Als hoofd investment banking van Alantra bouwde Pensaert eerst in Nederland een kantoor uit, en nu acht hij de tijd gekomen om ook in België te starten: “Ik heb altijd gezegd dat we eerst de juiste man moesten vinden om de Belgische activiteit te leiden.” Die man wordt Wim Goossens, die tot voor kort hoofd corporate finance was bij BNP Paribas Fortis en daarvoor zijn strepen verdiende als zakenbankier bij Generale Bank, ABN AMRO en RBS.
Zit iemand in België te wachten op een nieuwe zakenbank of financieel adviseur?
WIM GOOSSENS. “Wij denken dat er ruimte is voor een nieuwe, onafhankelijke speler. Het Belgische bankenlandschap heeft de voorbije jaren grote verschuivingen gekend. Een aantal buitenlandse zakenbanken heeft zich teruggetrokken en andere grote banken maken de rekening of het nog de moeite loont een gespecialiseerd leger aan zakenbankiers in stand te houden. Want hoe je het ook draait of keert: zakenbankiers zijn duur en werken op de lange termijn. Bovendien is hun return onzeker. Met alle kostenbesparingen die de banken in België doorvoeren, wordt dat een moeilijk te verdedigen model.”
Zakenbankiers krijgen soms het verwijt dat ze werken om inkomsten voor de bank te genereren en niet altijd het belang van de klant dienen.
GOOSSENS. “Dat er een zweem van vermoeden van belangenvermenging bestaat, verklaart het succes van onafhankelijke huizen zoals Lazard en Leonardo. Dat is ook hoe Alantra in de markt staat: wij willen een uitdager zijn die de klanten onafhankelijk advies biedt en geen andere producten of diensten hoeft te verkopen. Ondernemingen stellen zich almaar meer de vraag: ‘Laten we ons adviseren door de bank die ons ook al financiert, of houden we dat liever gescheiden?'”
MARK PENSAERT. “Almaar meer klanten hebben behoefte aan onafhankelijk advies. En dan heb ik het niet alleen over de Belgische familiale kmo’s, maar ook over de overheid.”
Wat is de specifieke insteek van Alantra?
PENSAERT. “Wij mikken op de markt van de midcaps. Dat zijn alle bedrijven met een ondernemingswaarde tussen 50 en pakweg 500 miljoen euro, al kan dat ook meer zijn. Het hele landschap van de grote tot middelgrote Belgische familiebedrijven past daarin.

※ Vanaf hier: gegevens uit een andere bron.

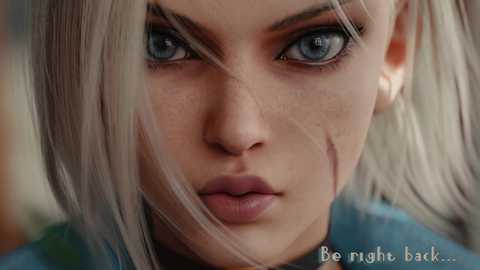 Media: A close-up CGI image of a young woman with fair skin, blue eyes, and platinum blonde hair, displaying a serious expression. She has a slight wound on her cheek. The background is blurred. Text reads, \"Be right back...\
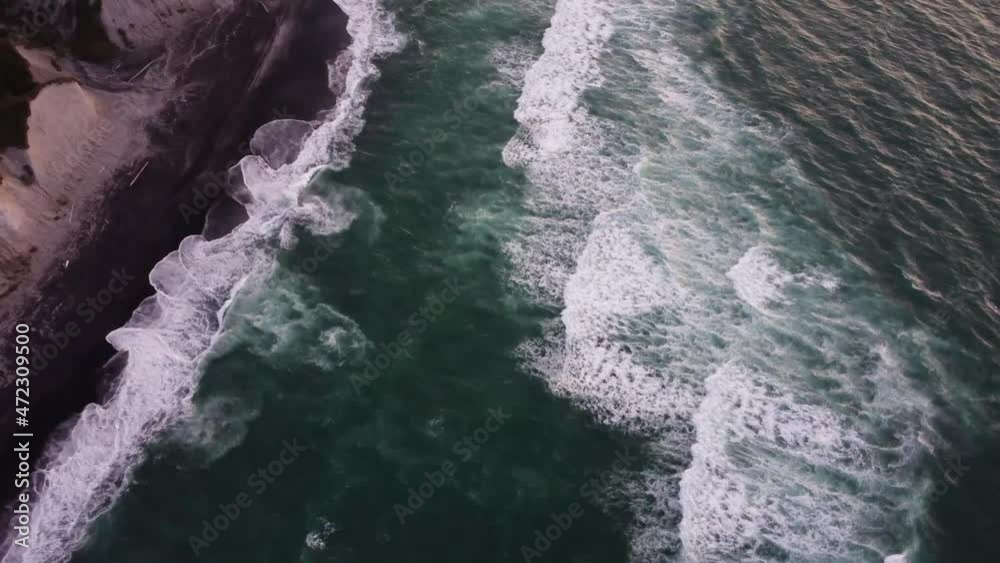 Cape Stolbchaty on the island of Kunashir, Kuril Islands, a unique geological volcanic formation included in UNESCO list. Aerial view. Cape Stolbchaty on the island of Kunashir, Kuril Islands, a unique geological volcanic formation included in UNESCO list. Aerial view.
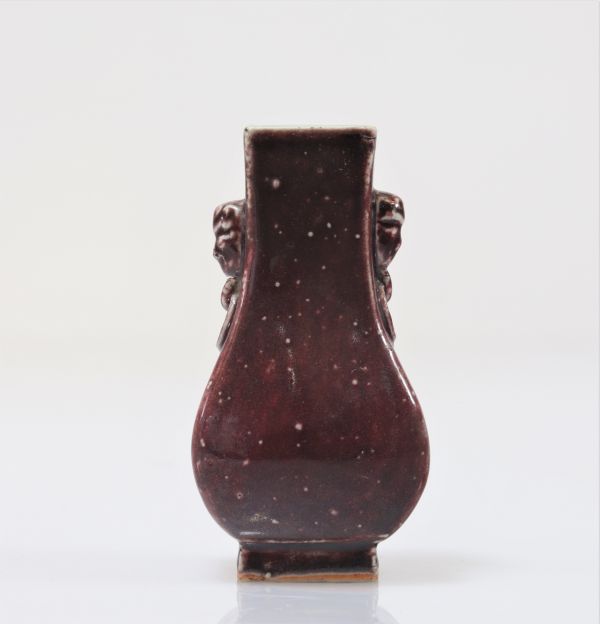 Oxblood Vase Decorated With Qing Period Heads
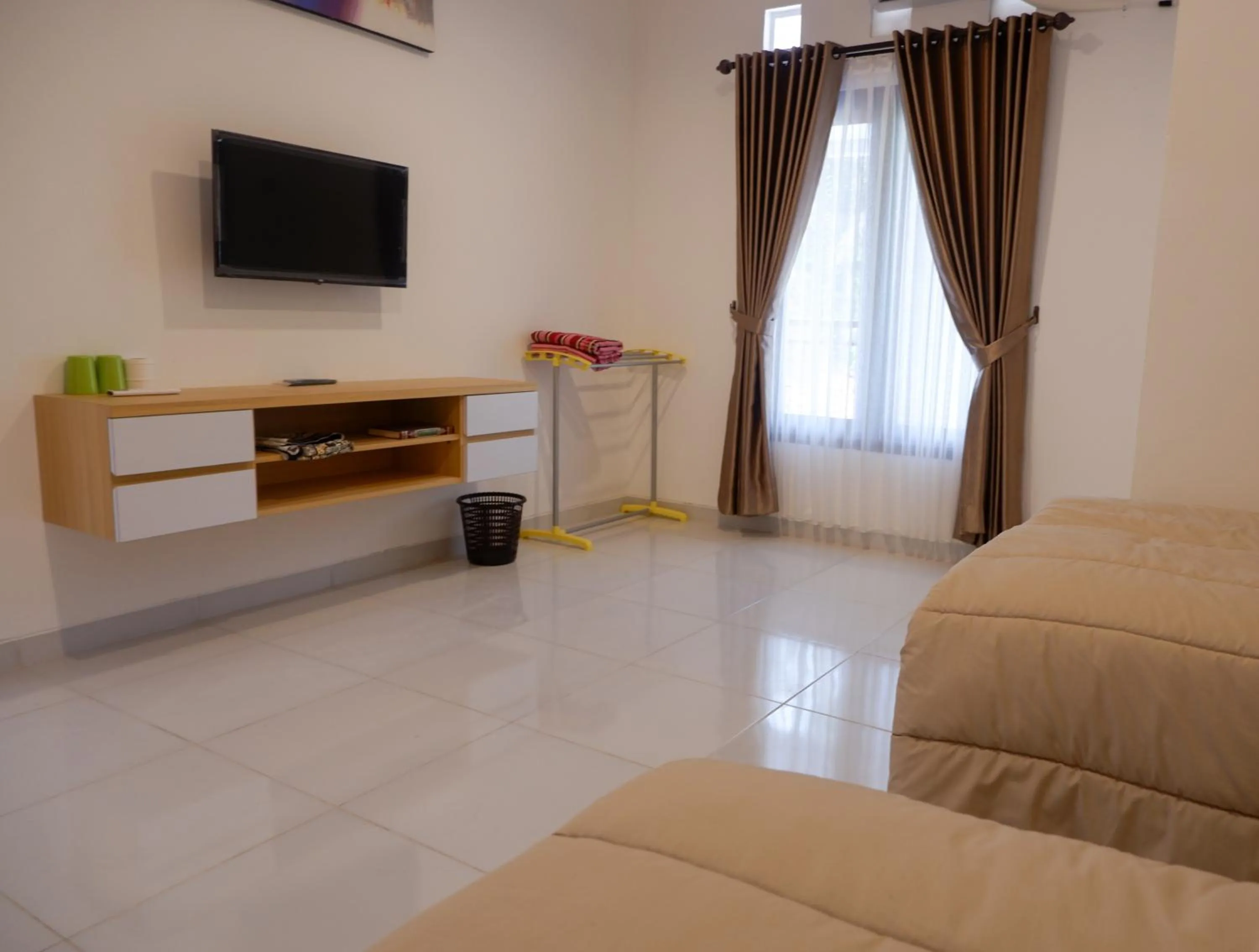 Bed in Homestay Joglo Seruni Syariah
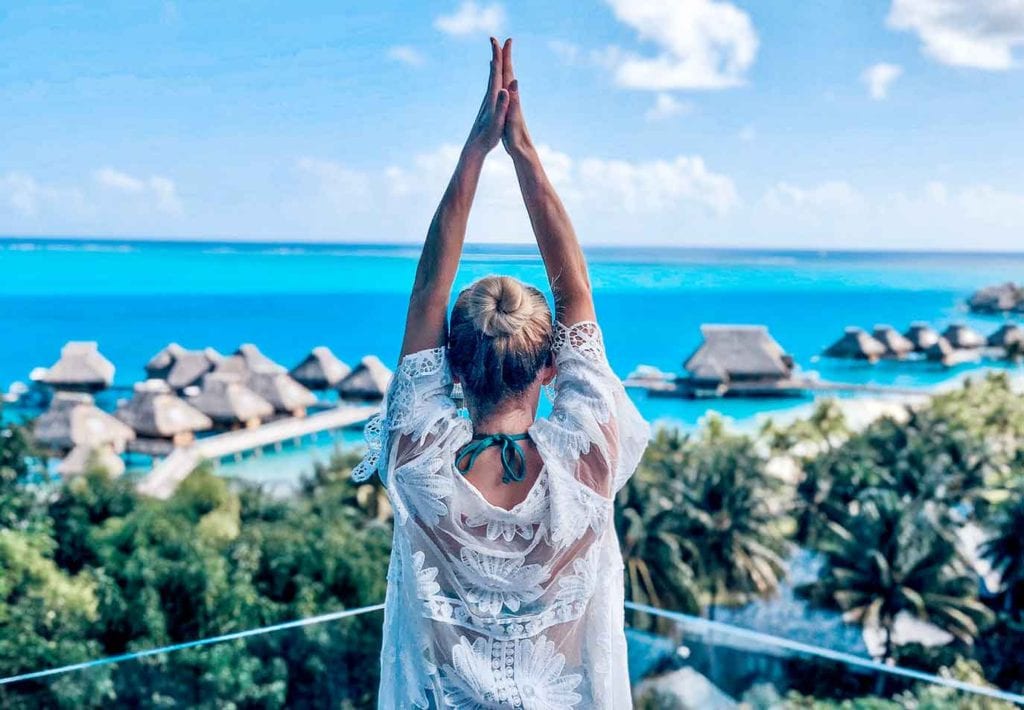 Conrad Bora Bora spa view woman yoga pose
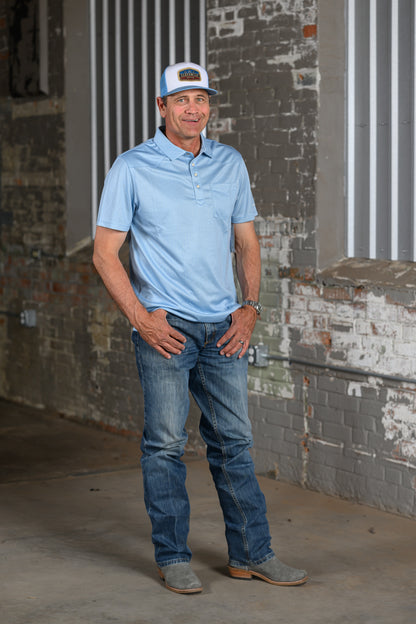 A man wearing a light blue polo shirt, blue jeans, gray suede boots, and a white cap with a brown logo, standing in front of a brick and corrugated metal wall.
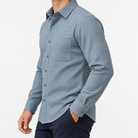 Brushed cotton flannel shirt with a chest pocket in blue gray microcheck on a male model side view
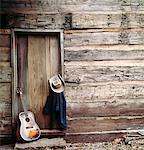 1960s - 1970s GUITAR, HAT AND JACKET HANGING BY WEATHERED LOG CABIN DOOR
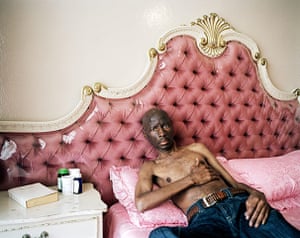 Big Pic - South Africa: sick man lying on pink bed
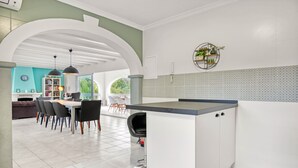 A modern kitchen with a central island, white cabinetry, and a tiled backsplash.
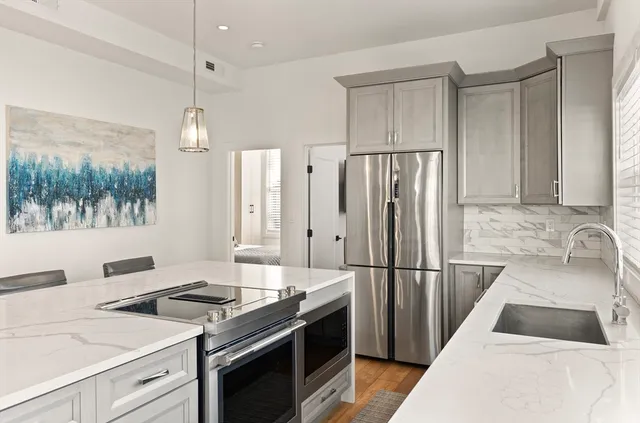 a kitchen with granite countertop a sink stove and refrigerator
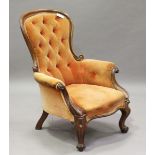 A mid-Victorian walnut showframe salon armchair with a foliate carved crest and cabriole legs,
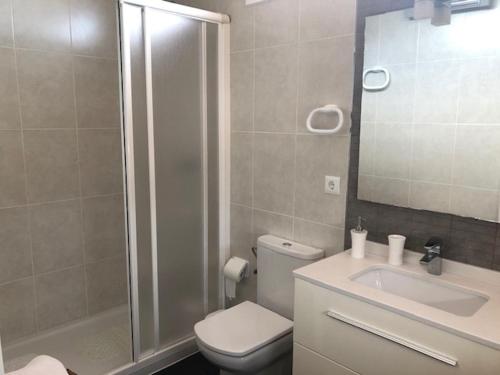 a bathroom with a shower and a toilet and a sink at La Sirena in Les tres Cales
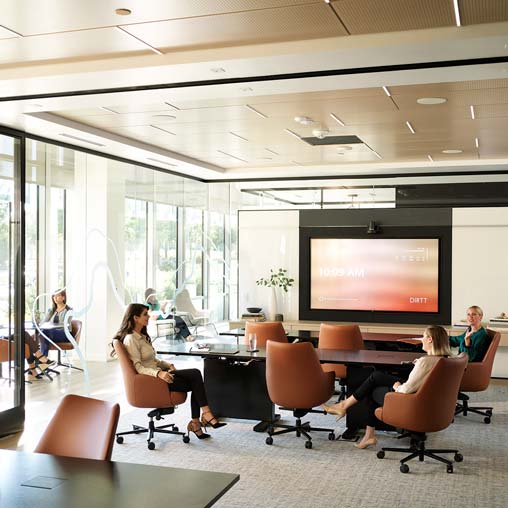 A group of people sitting in a room with a large screen.
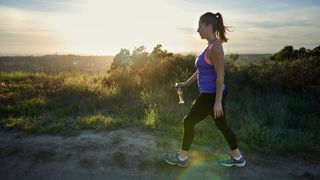 Woman going for a walking workout in nature wearing activewear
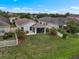 Aerial view of a backyard overlooking a tranquil pond, providing a serene and private setting at 816 College Chase Dr, Ruskin, FL 33570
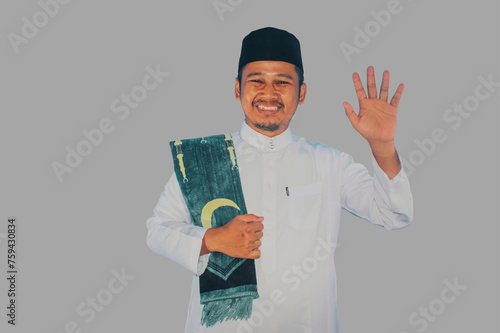 moslem man walking and waving hand to greet someone with happy expression photo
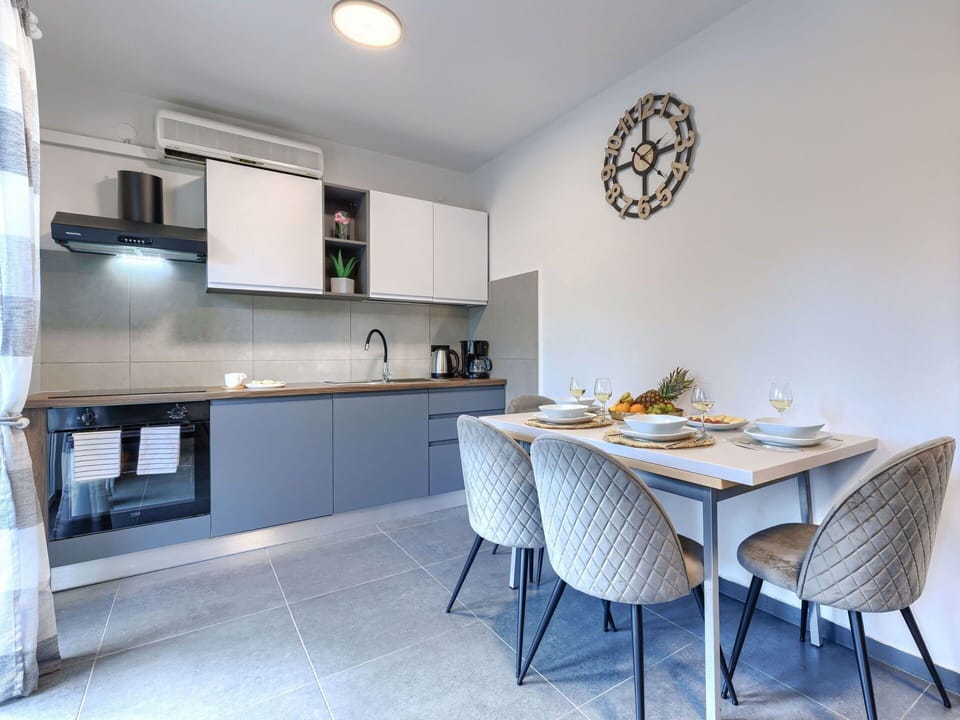 Interior Design, Furniture, Flooring, Ceiling, Kitchen, Countertop, Floor, Room, Lighting, Cabinetry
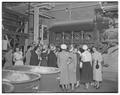 Home Economics students examining an industrial textiles machine on a field trip, April 1952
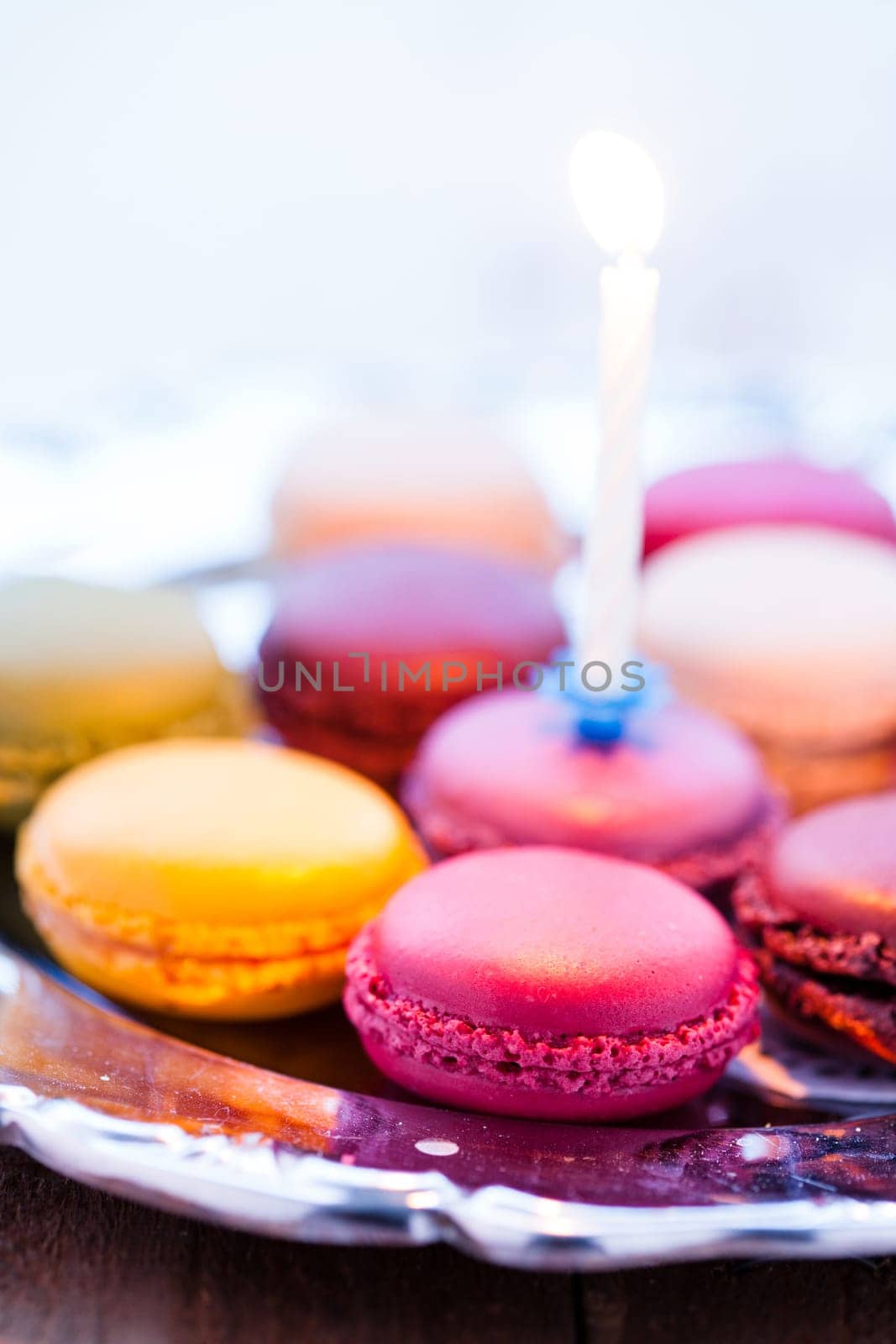 Closeup of macaroons with candle on decorative silver tray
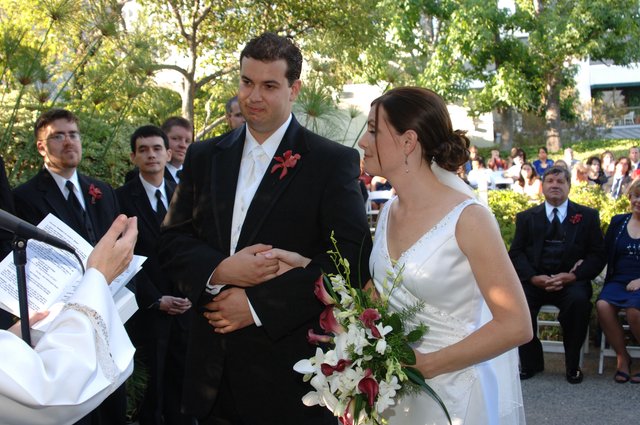 Bride and Groom Exchange Vows at Outdoor Wedding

“Alantra staat ook voor een terugkeer naar het zakenbankieren oude stijl, waarbij een langetermijnrelatie met de klant opgebouwd wordt en een vertrouwensband ontstaat. En dan praat je met elkaar over veel meer dan enkel fusies en overnames. Ik noem dat het concept van de trusted advisor.”
Wie zijn uw concurrenten?
GOOSSENS. “Niet de grote Amerikaanse zakenbanken als JP Morgan en Goldman Sachs. Die spelen in een andere divisie. In de markt van de middelgrote ondernemingen zijn onze natuurlijke concurrenten banken als William Blair, Baird, Houlihan Lokey (het vroegere Leonardo, nvdr), en een hoop regionale spelers.”
PENSAERT. “Het verschil met de regionale spelers is dat wij een netwerk van 330 bankiers in 22 landen hebben (zie kader Wie is Alantra? nvdr). Daarom zetten wij vooral in op transacties over de landsgrenzen heen. We beschikken over een grote lokale kennis in verschillende markten, waardoor we extra toegevoegde waarde kunnen leveren bij een grensoverschrijdende deal.”
Zijn de Belgische bedrijven voldoende ambitieus om internationaal door te groeien? Denken ze niet te snel aan verkopen?
PENSAERT. “In het algemeen hebben Belgische kmo’s die al buiten de landsgrenzen actief zijn, voldoende ambitie om door te groeien. Maar groeien kan op verschillende manieren. De inbreng van een nieuwe aandeelhouder – en dat hoeft niet noodzakelijk een meerderheidsaandeelhouder te zijn – kan ook een belangrijke stap zijn. Het komt erop aan de juiste partij te vinden. Vandaar dat Alantra een groot belang hecht aan zijn wereldwijde netwerk. Wij kunnen onze klanten de juiste partij aanreiken, zowel aan investerings- als investeerderskant.”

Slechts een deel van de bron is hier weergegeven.